• [Records provided]
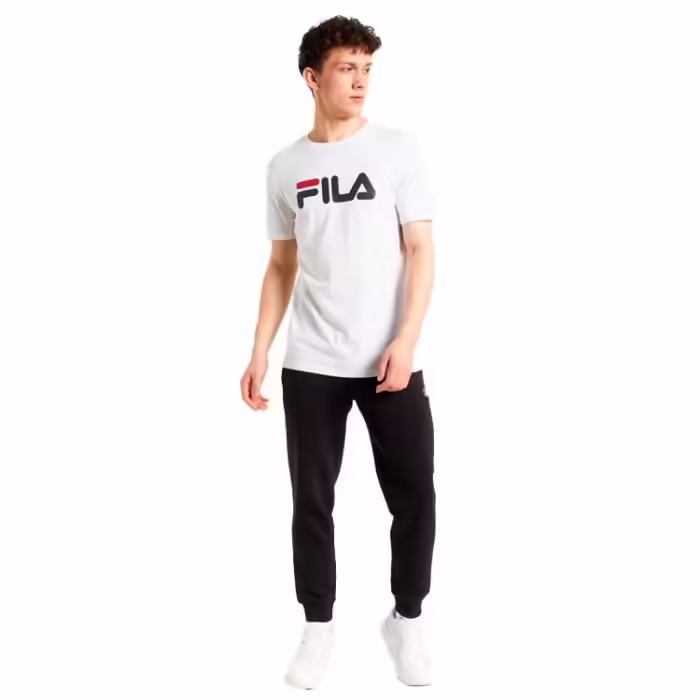 Tricou Fila M Tee - 4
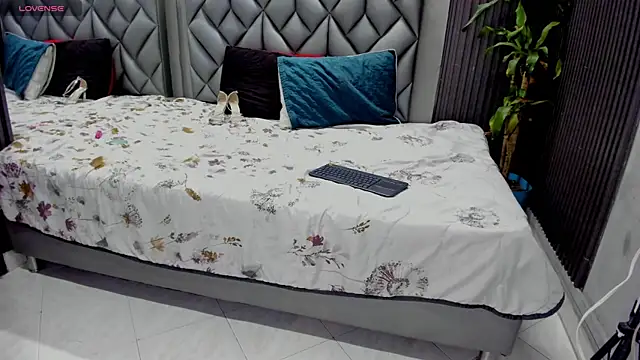 Andrew_Taylor09's cam snapshot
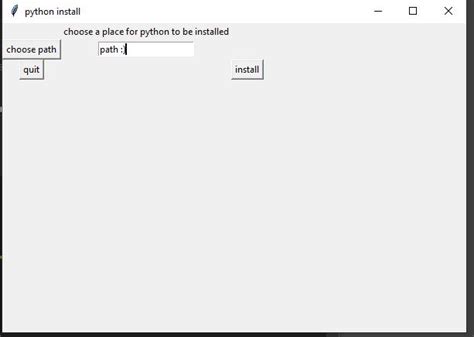 Python Tkinter Theme Is Not Working Just Displays As Regular Stack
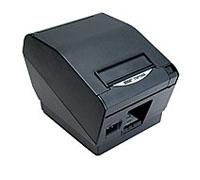 Image of Star Micronics TSP700II TSP743IID-24 label printer Direct thermal...
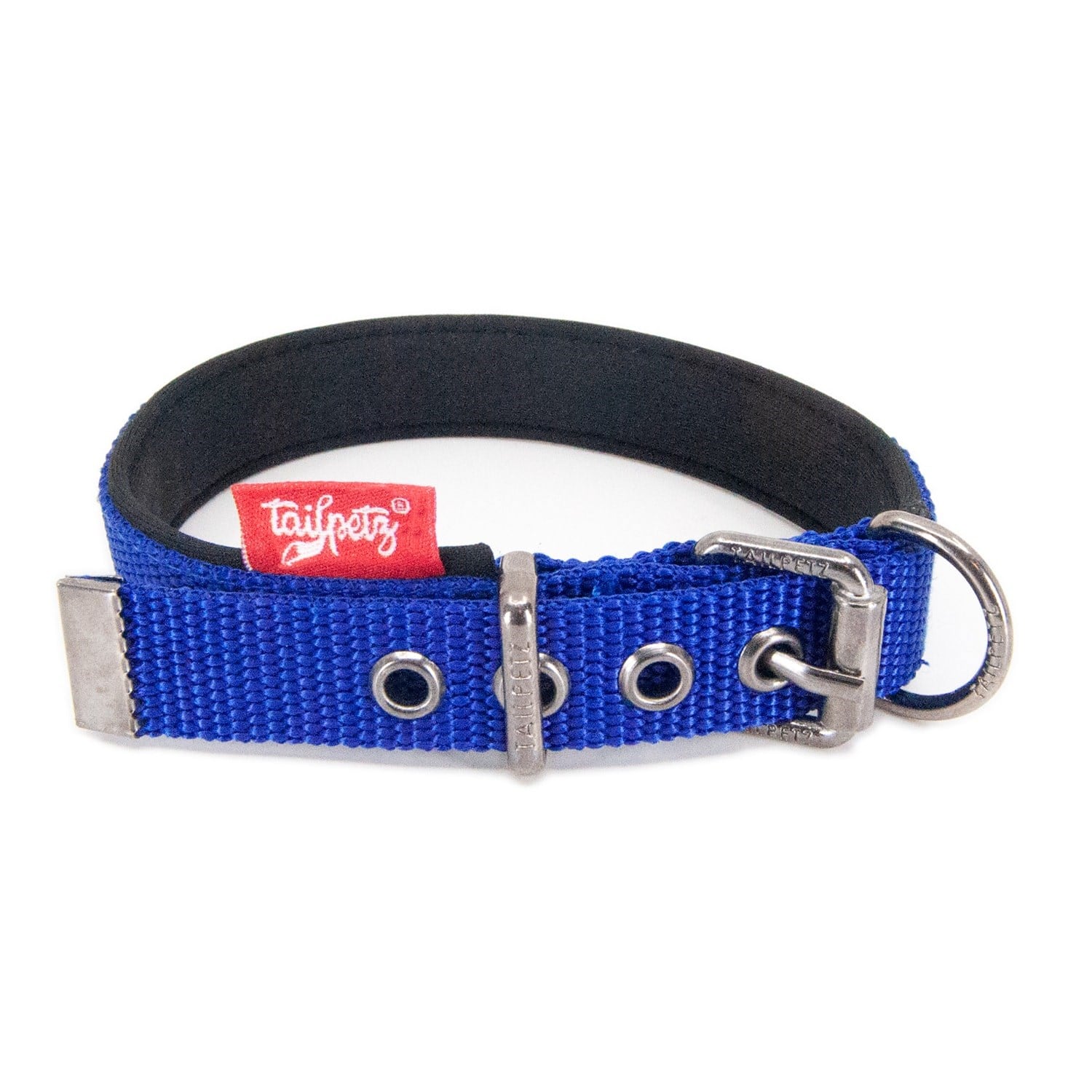 tailpetz-comfy-boyun-tasmasi-yumusak-d-7720e1.jpeg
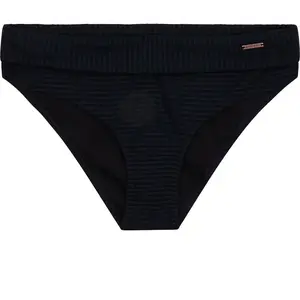 Protest Bas De Bikini Xenon pas cher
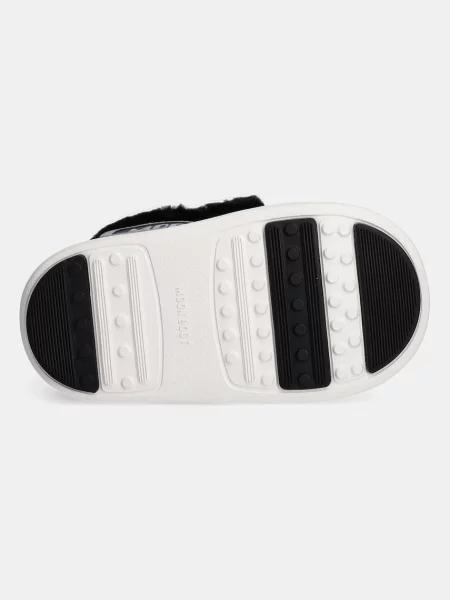 Детские сапоги Moon Boot
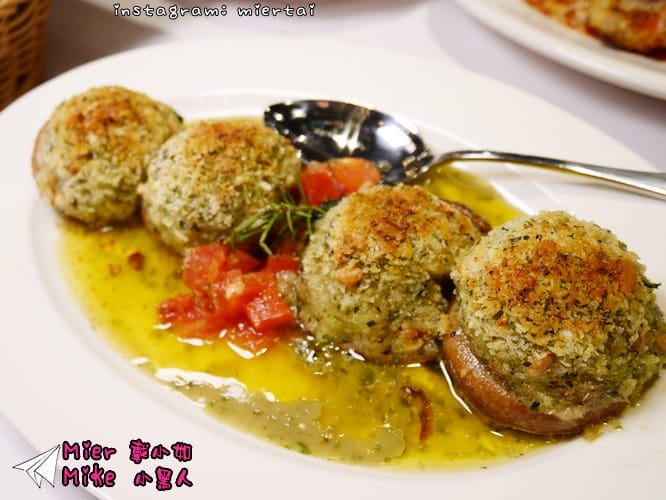 食記 台北信義區 約會推薦 全台首家紐約創義料理 Amaroni’s 紐約義大利餐廳 雙人套餐 微風松高 捷運市政府站 - 第36張圖 P1380862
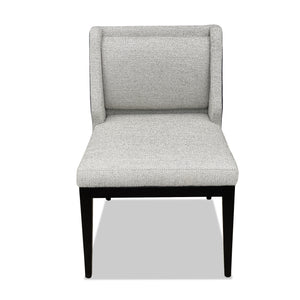 Erwin Dining Chair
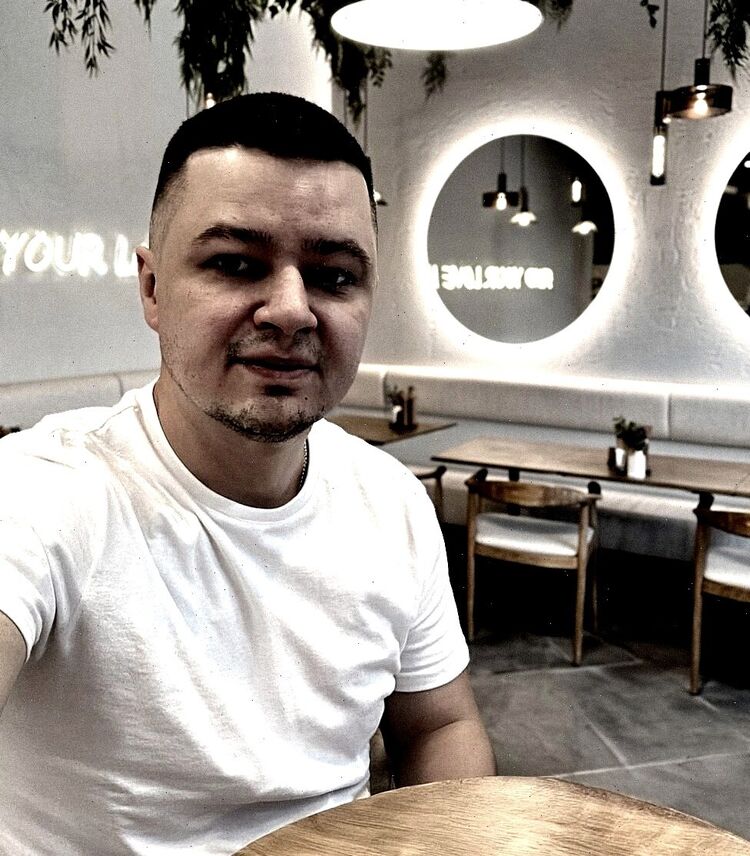 ���� 54851451 ������� �����, 38 ���, ���� ���������� � ���������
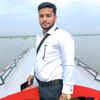 sejan.raj3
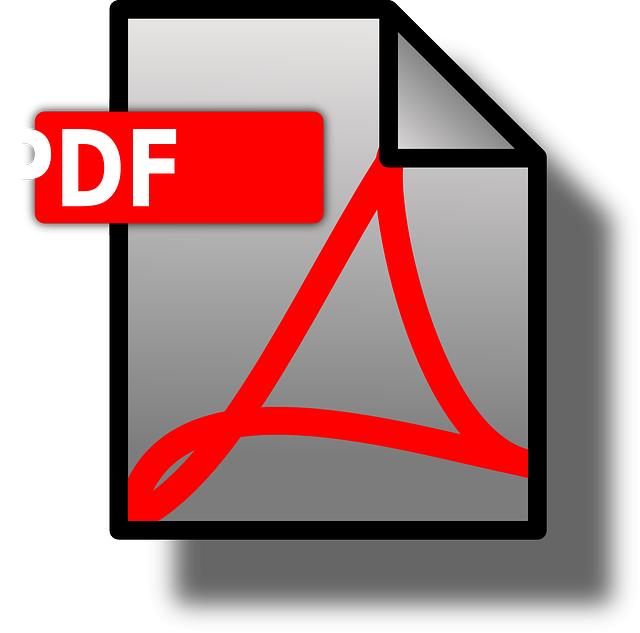 Právě si prohlížíte DACH doporučené denní dávky PDF: Jaké jsou nové směrnice pro vaše zdraví?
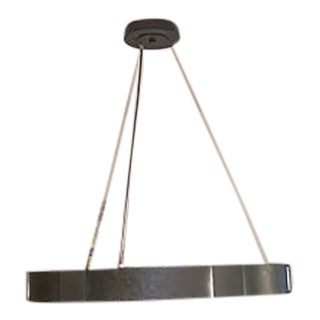Hubbardton Forge “Aura” Pendant For Sale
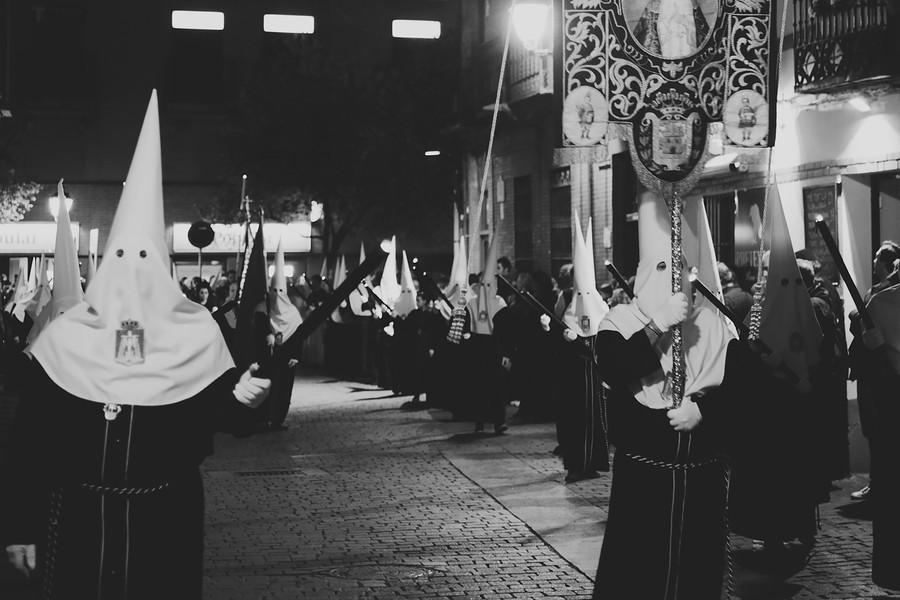 25032016-25032016-_DSC2546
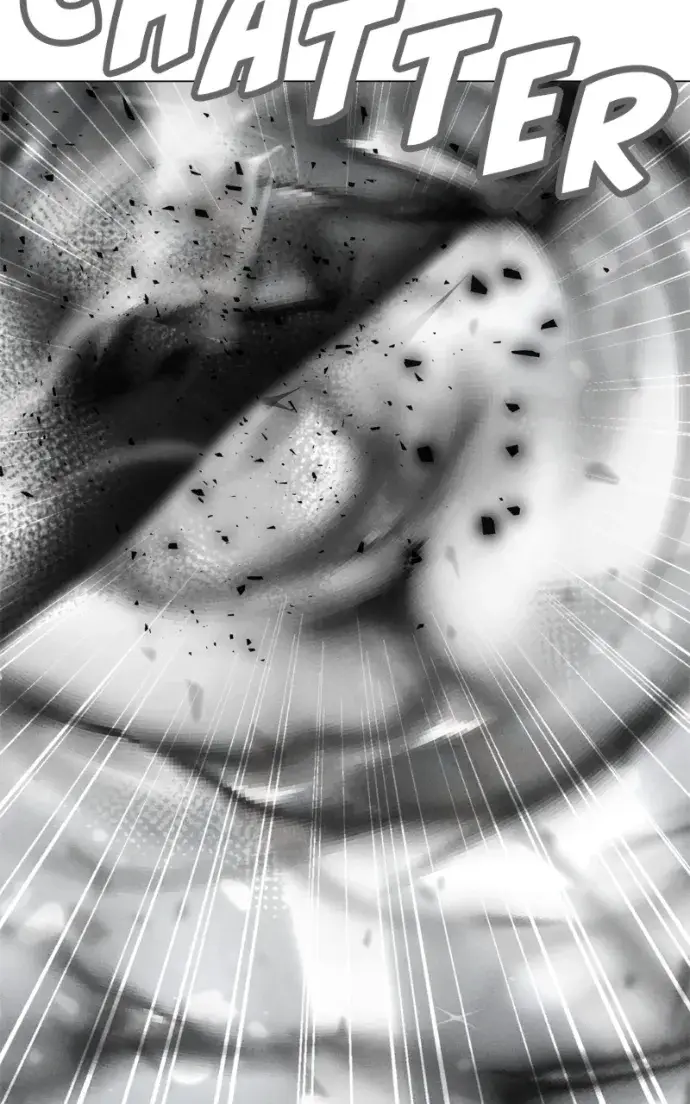 Read The Lone Spellcaster EN Manga Online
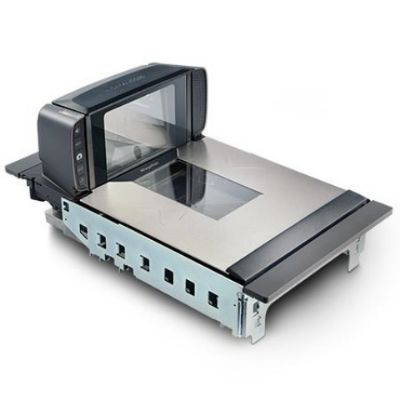 Scale Barcode Scanners available in Australia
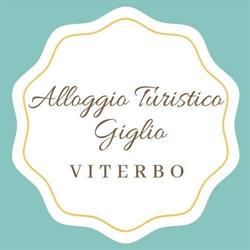 Alloggio Turistico Giglio, Viterbo orari di apertura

• [Exercise] Leave out the pictures and copy exactly the lines from the one with "Pendant For Sale" through the last line of the records above.

• [Expected answer]
Hubbardton Forge “Aura” Pendant For Sale
 25032016-25032016-_DSC2546
 Read The Lone Spellcaster EN Manga Online
 Scale Barcode Scanners available in Australia
 Alloggio Turistico Giglio, Viterbo orari di apertura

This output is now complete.